At the apply MWE line I am getting a well-founded recursion problem, how come I do not get this in the definition of ε_closure and how do I fix this? I have been able to prove the other direction without the error.

#### Fox Thomson (Oct 14 2020 at 18:48):

I have just realized that I have reused S as a variable name.

#### Fox Thomson (Oct 14 2020 at 18:55):

I think the problem boils down to a situation like this:

lemma MWE' : Π n : ℕ, n = n
| n :=
begin
induction n with m ih,
{ refl },
{ let h := MWE' m,
refl }
end


How can I show that m<n.

#### Ruben Van de Velde (Oct 14 2020 at 19:54):

In your second case, don't you need to use the induction hypothesis ih instead of trying to apply MWE' manually?
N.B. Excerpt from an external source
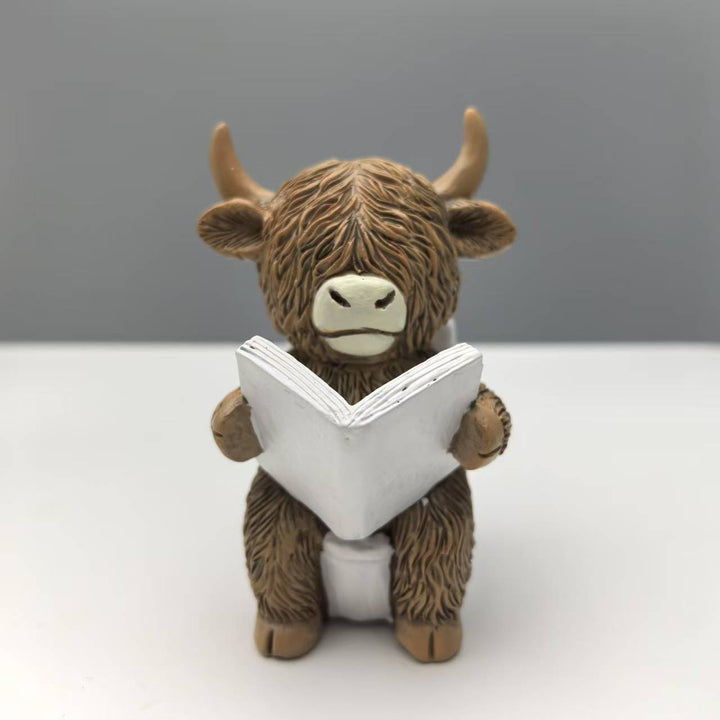 Funny decorative figure of a Highland cow in a bathtub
#### Ruben Van de Velde (Oct 14 2020 at 19:55):

In the first case, you seem to be trying to use an induction hypothesis in the base case

#### Fox Thomson (Oct 14 2020 at 20:03):

As epsilon_closure is recursively defined and epsilon_closure_set is inductively defined I am using two forms of induction, the error is happening in the base case generated by the induction tactic on epsilon_closure_set but it occurs in the 'inductive hypothesis' generated by the split_ifs tactic.
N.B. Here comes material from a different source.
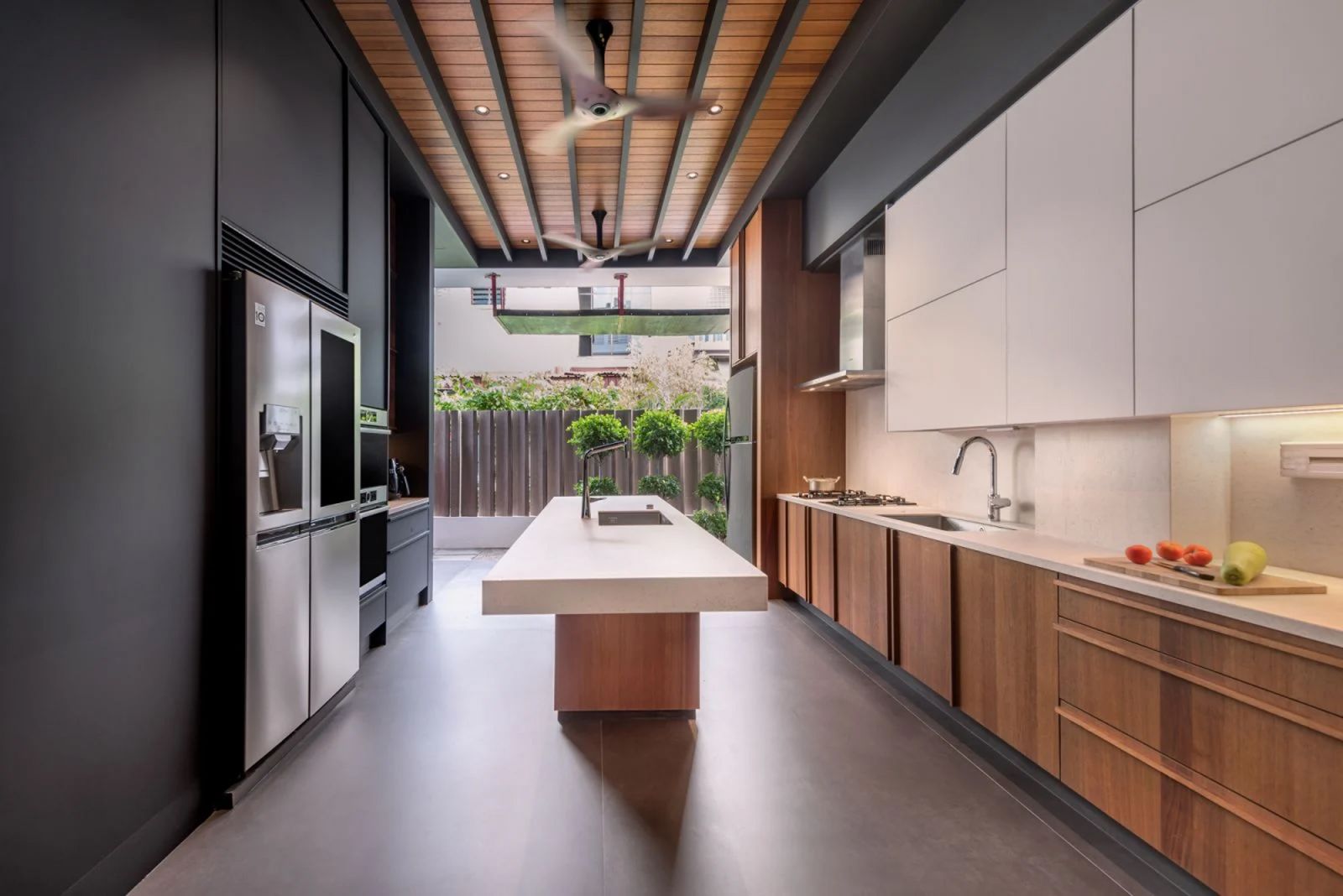 A warm, wood-clad kitchen designed by Artistroom for a tight-knit family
#### Fox Thomson (Oct 14 2020 at 20:04):

MWE' is a silly proof to illustrate the problem, there is no need to define h but I should be able to, and I need something like that for my original problem.
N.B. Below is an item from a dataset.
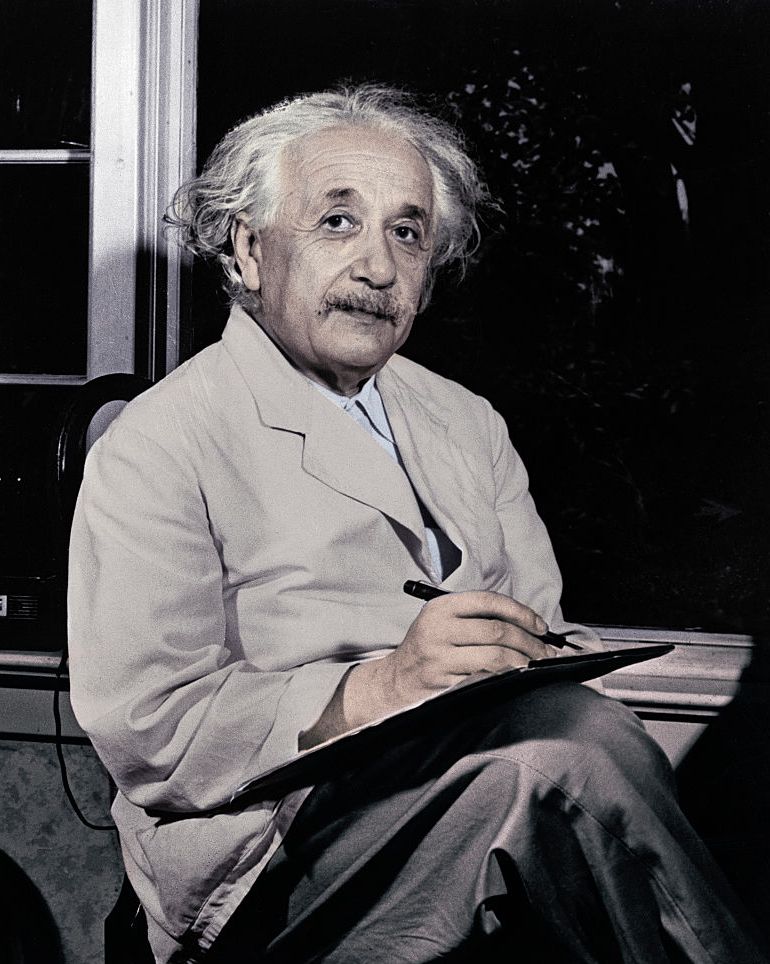 albert einstein sitting by a window and writing on a notepad as he looks up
#### Mario Carneiro (Oct 14 2020 at 22:35):

The way to write proofs like that is to declare the recursion structure up front in the equations:

lemma MWE' : Π n : ℕ, n = n
| 0 := by { refl }
| (m+1) := begin
{ let h := MWE' m,
refl }
end


#### Mario Carneiro (Oct 14 2020 at 22:41):

The problem with your original MWE is that there is a shadowed variable in the middle, you are referencing the wrong S

#### Mario Carneiro (Oct 14 2020 at 22:44):

You have two conflicting inductions in this proof

#### Mario Carneiro (Oct 14 2020 at 22:49):

aha, the issue is that ε_closure_set unnecessarily takes Ss as an index to the inductive family, so it is allowed to vary in the induction and then you lose track of the original S. Use

inductive ε_closure_set (M : ε_NFA α) (Ss : finset M.state) : M.state → Prop
| base : ∀ (S ∈ Ss), ε_closure_set S
| step : ∀ S T, ε_closure_set S → T ∈ M.step S option.none → ε_closure_set T


and then

    induction h with t ht t' t ht' ht ih,
{ let : (S ∪ M.step_set' S none)ᶜ < Sᶜ,
{ sorry },
let : has_well_founded.r (S ∪ M.step_set' S none) S,
{ assumption },
apply MWE (S ∪ M.step_set' S none), -- works
sorry },
{ sorry } }


#### Mario Carneiro (Oct 14 2020 at 22:49):

@Fox Thomson

Last updated: May 08 2021 at 10:12 UTC